The plain HTTP request was sent to HTTPS port

I’ve had this problem for a long time now. I’m currently on the latest release, 1.7.13. I use nginx as my webserver, and php 7.4.22.

When I log in to the admin interface:

https://www.{website}.com/admin

After entering the username and password, I get redirected to an “http” url at port 443, with the resulting error.

http://www.{website}.com:443/admin

400 Bad Request
The plain HTTP request was sent to HTTPS port

If I click back, in Chrome at least, the browser corrects it and I’m logged in. Last I checked, firefox wouldn’t correct it, though.

Everything else in the admin interface and the website seems fine. It’s just this during the login that’s broken. Nginx redirects http traffic to https, but expects to receive http traffic on port 80.
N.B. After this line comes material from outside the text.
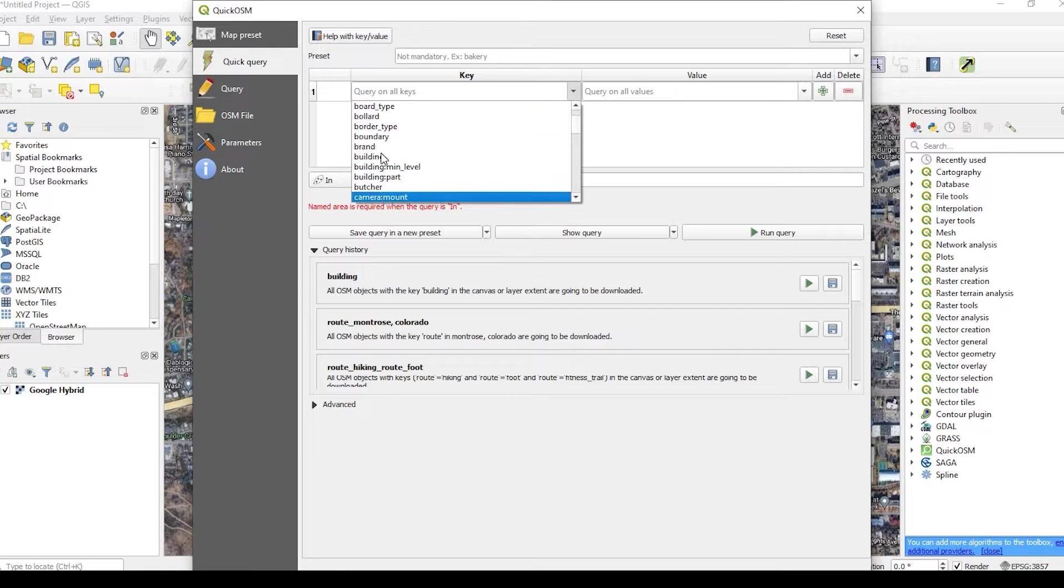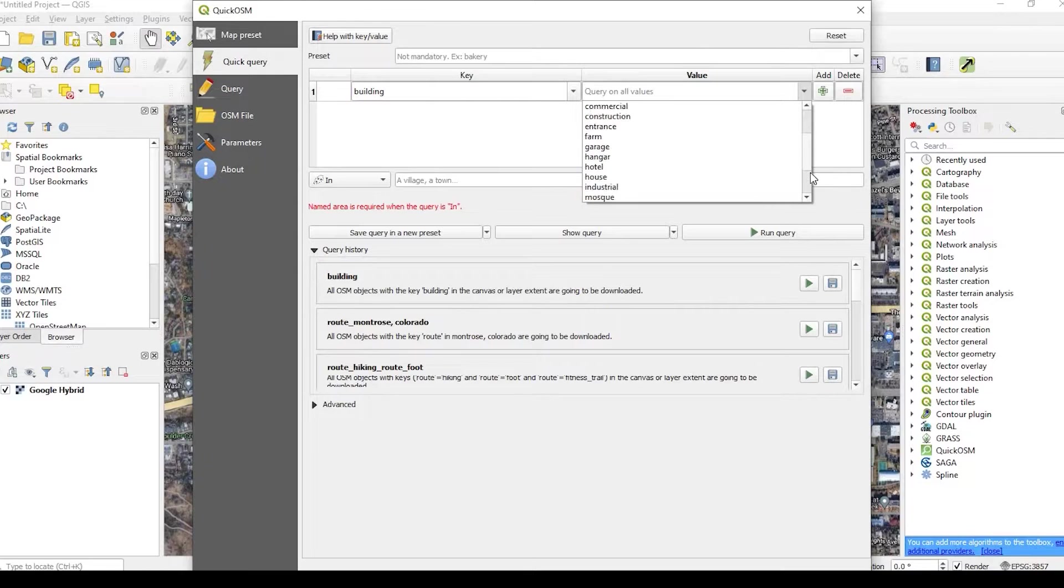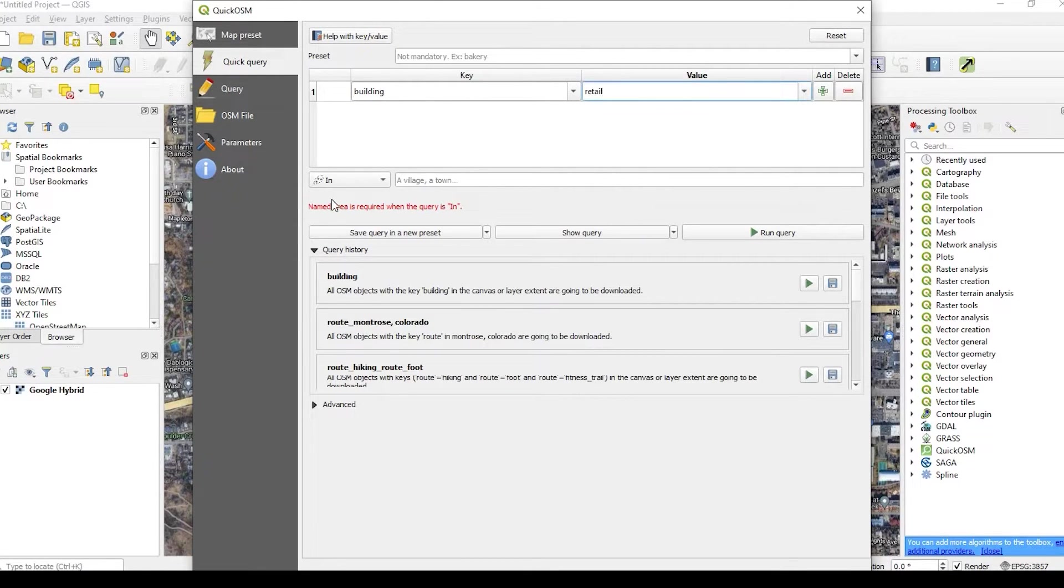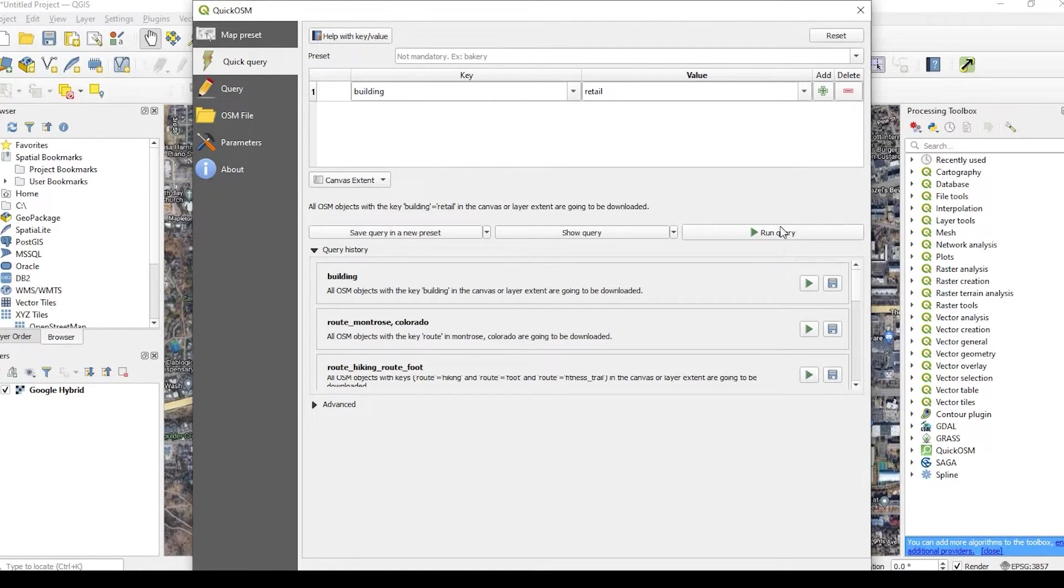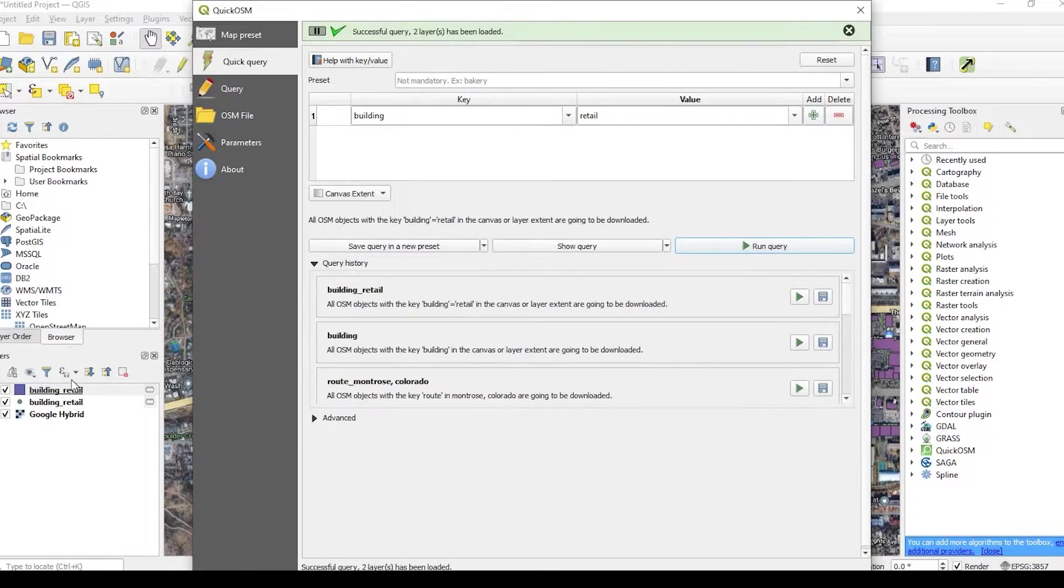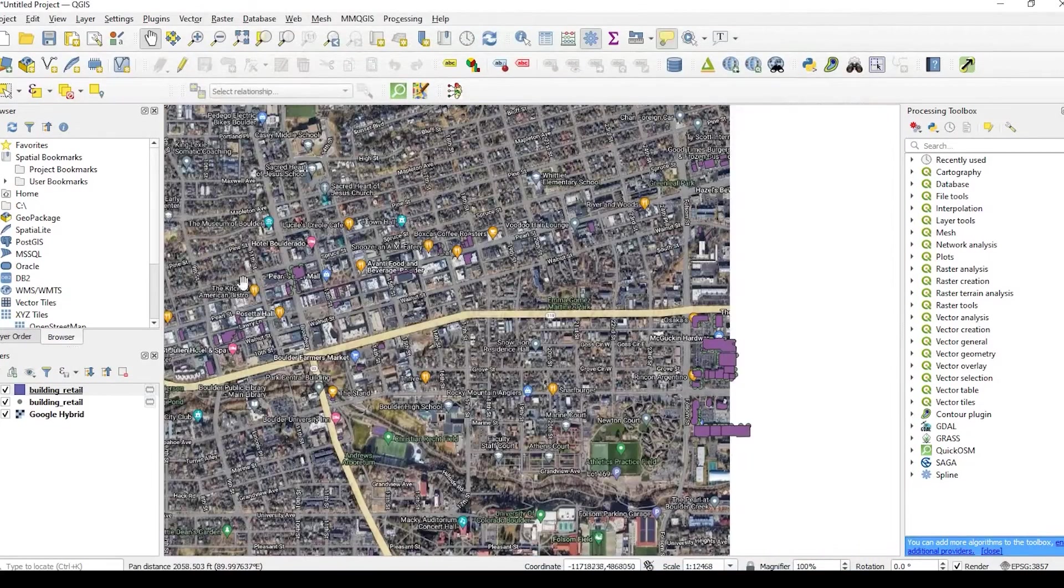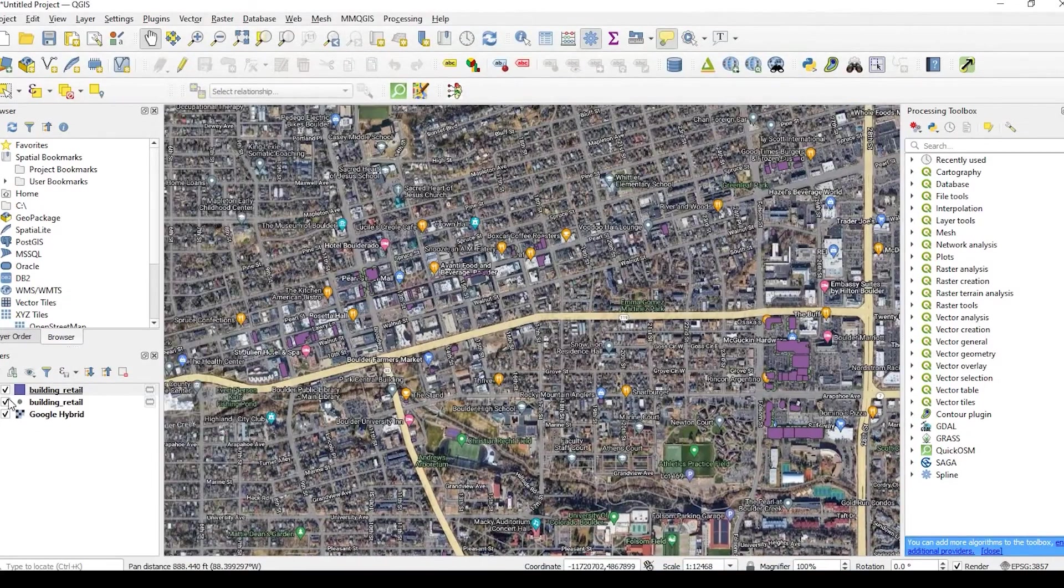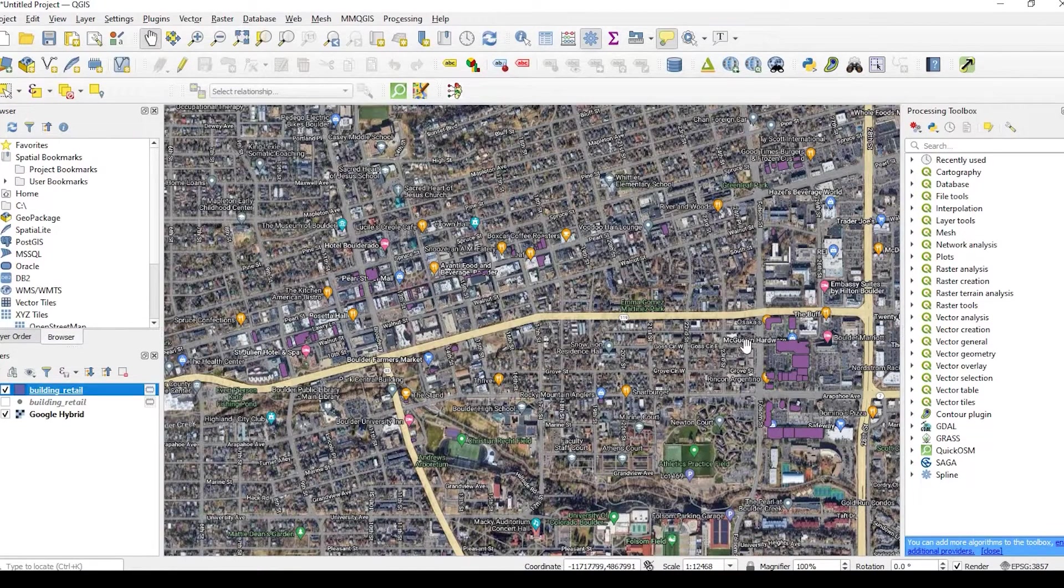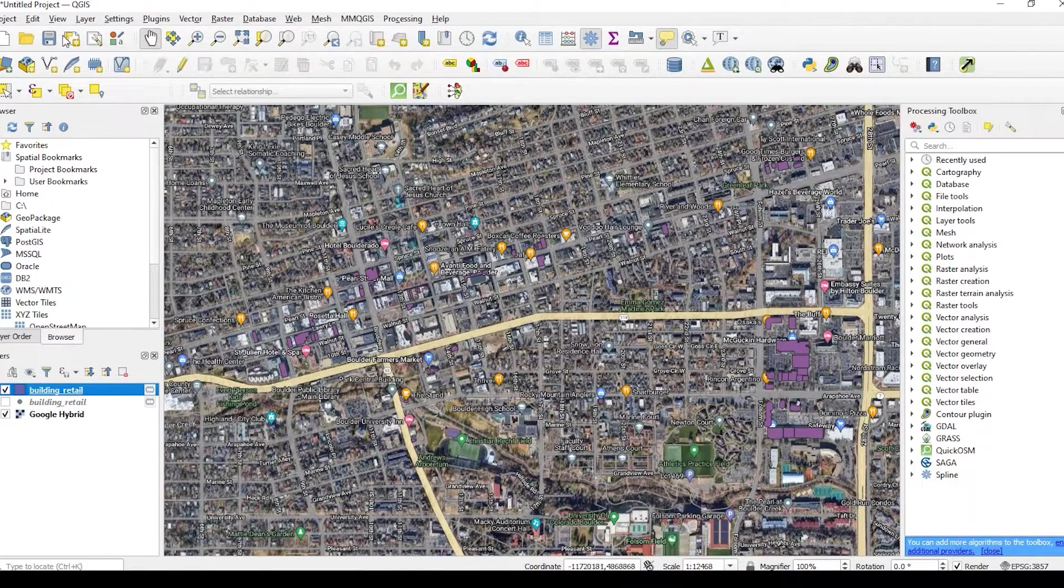So if I just go over here to buildings, I could even be specific on what kind of buildings I want, but I'm just going to say retail. Again, this is just an example. I'm going to say for the canvas extent, and I'll run that. And right down below I have my buildings. There we go. So we have some data in here within this extent.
If I try to set “Force SSL” in the grav settings (with or without the “custom base url” set), I get a redirect error and can no longer access the admin interface. I have to change the config/system.yaml file back manually to access it again.

This page isn’t working
www.{website}.com redirected you too many times.
Try clearing your cookies.
ERR_TOO_MANY_REDIRECTS

Any idea how I can fix this? Thanks.

How did you solve that problem?

I never did solve the problem. It’s still happening, though with the latest version of Grav, v1.7.30, the behavior is slightly different.

Now, when I click back after the 400 bad request error, it goes back to the login page and I have to click login again. Once I’m logged in, there’s this message at the top:

You have been successfully logged in
Invalid Security Token

It is really strange. We have a Grav site running on Virtualmin with Cloudflare - PHP 8.0+ and we just cloned an existing site into a new user and this error popped up when calling the site. when we clone the page under the same user it is working and you can log in. We checked all Cloudflare settings but they are identical and the same we did with all virtualmin (webmin) settings and they are identical too but still, we can’t run a cloned site under a new user. We are pretty clueless why, to be honest. We can’t find any place inside Grav where a specific user who runs the server gets defined nor where the domain itself gets defined. system yaml are identical too.